- _Data_
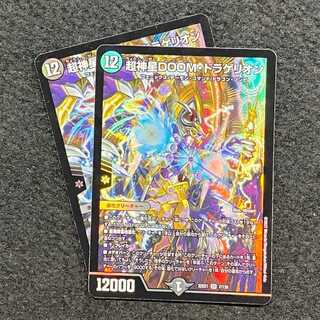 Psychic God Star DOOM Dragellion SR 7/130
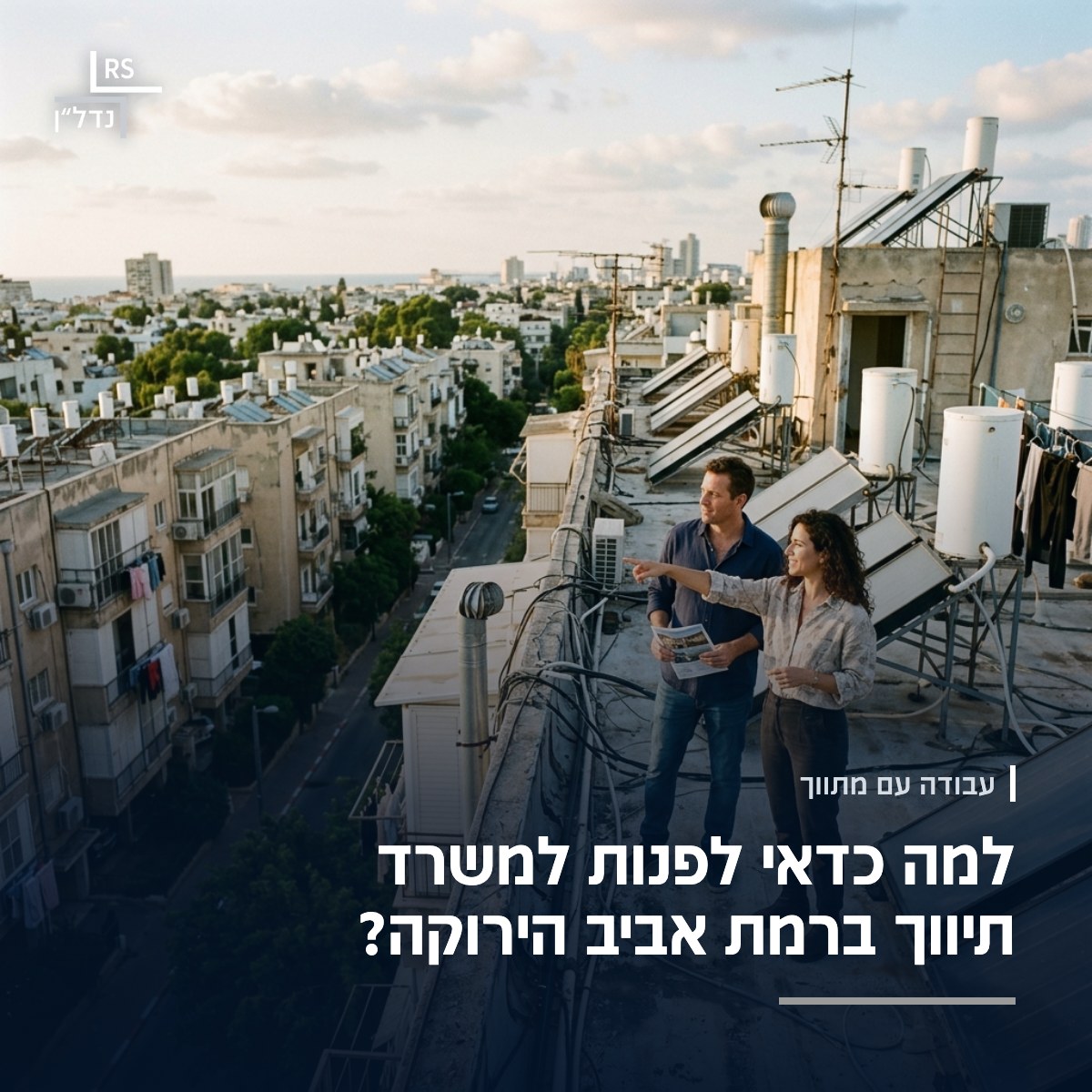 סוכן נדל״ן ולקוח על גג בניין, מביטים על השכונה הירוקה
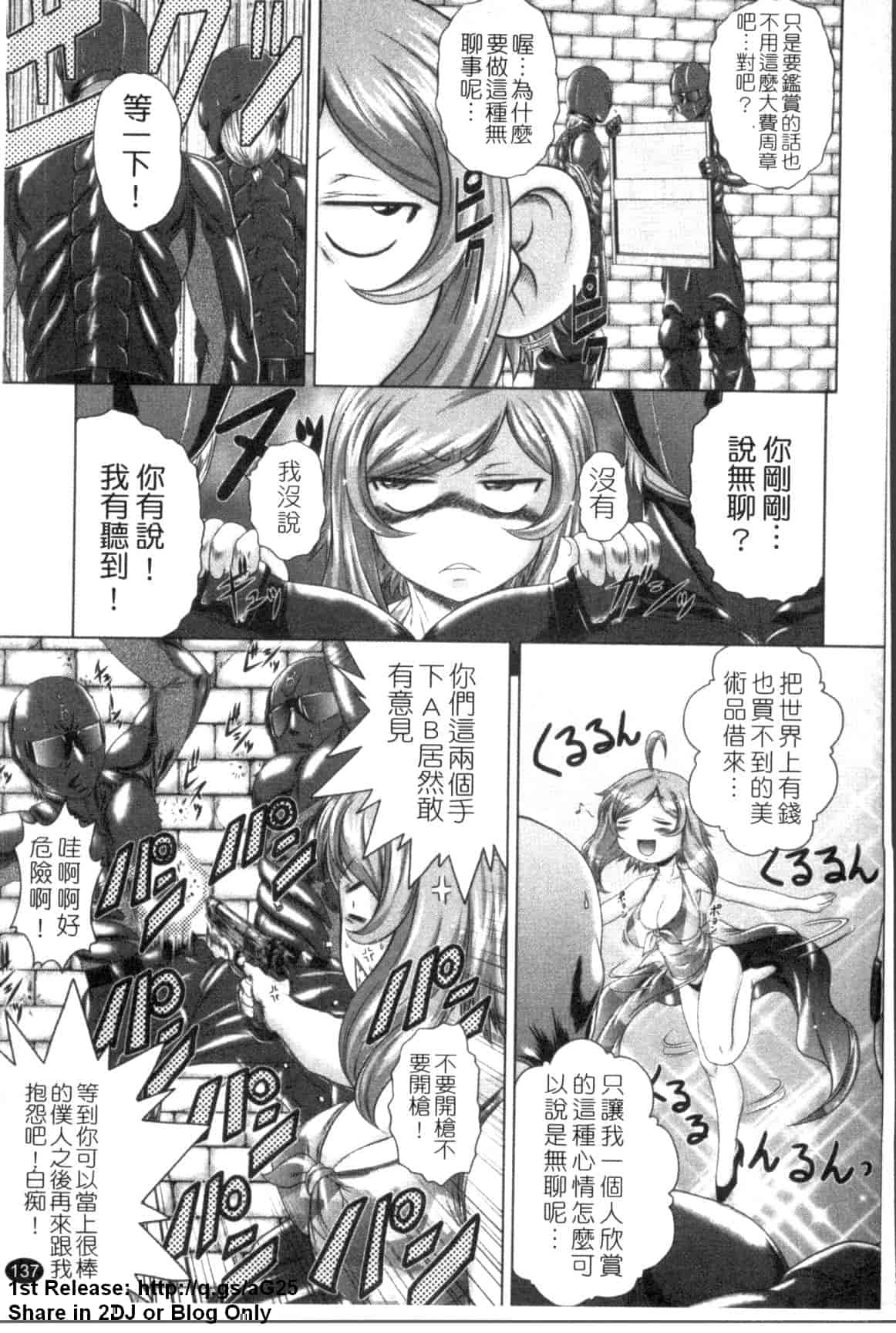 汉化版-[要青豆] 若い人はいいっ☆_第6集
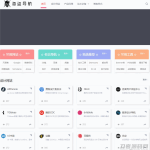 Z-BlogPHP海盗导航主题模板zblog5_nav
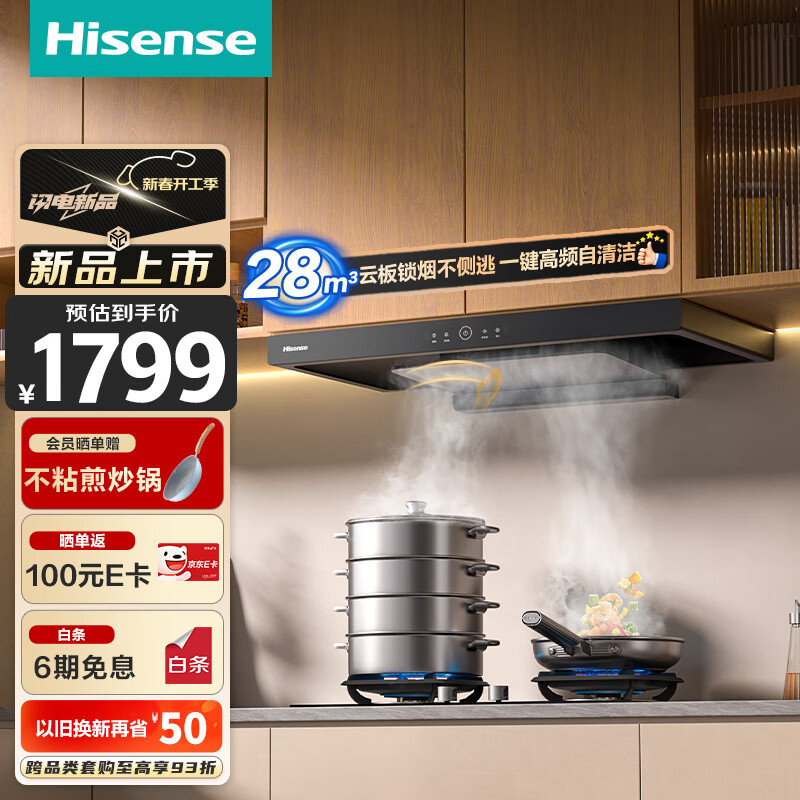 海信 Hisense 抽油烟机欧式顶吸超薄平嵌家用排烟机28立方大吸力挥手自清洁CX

- _Your instructions_
Pictures are to be dropped, and the remaining data set down exactly.

- _Result of the task_
 Psychic God Star DOOM Dragellion SR 7/130
 סוכן נדל״ן ולקוח על גג בניין, מביטים על השכונה הירוקה
 汉化版-[要青豆] 若い人はいいっ☆_第6集
 Z-BlogPHP海盗导航主题模板zblog5_nav
 海信 Hisense 抽油烟机欧式顶吸超薄平嵌家用排烟机28立方大吸力挥手自清洁CX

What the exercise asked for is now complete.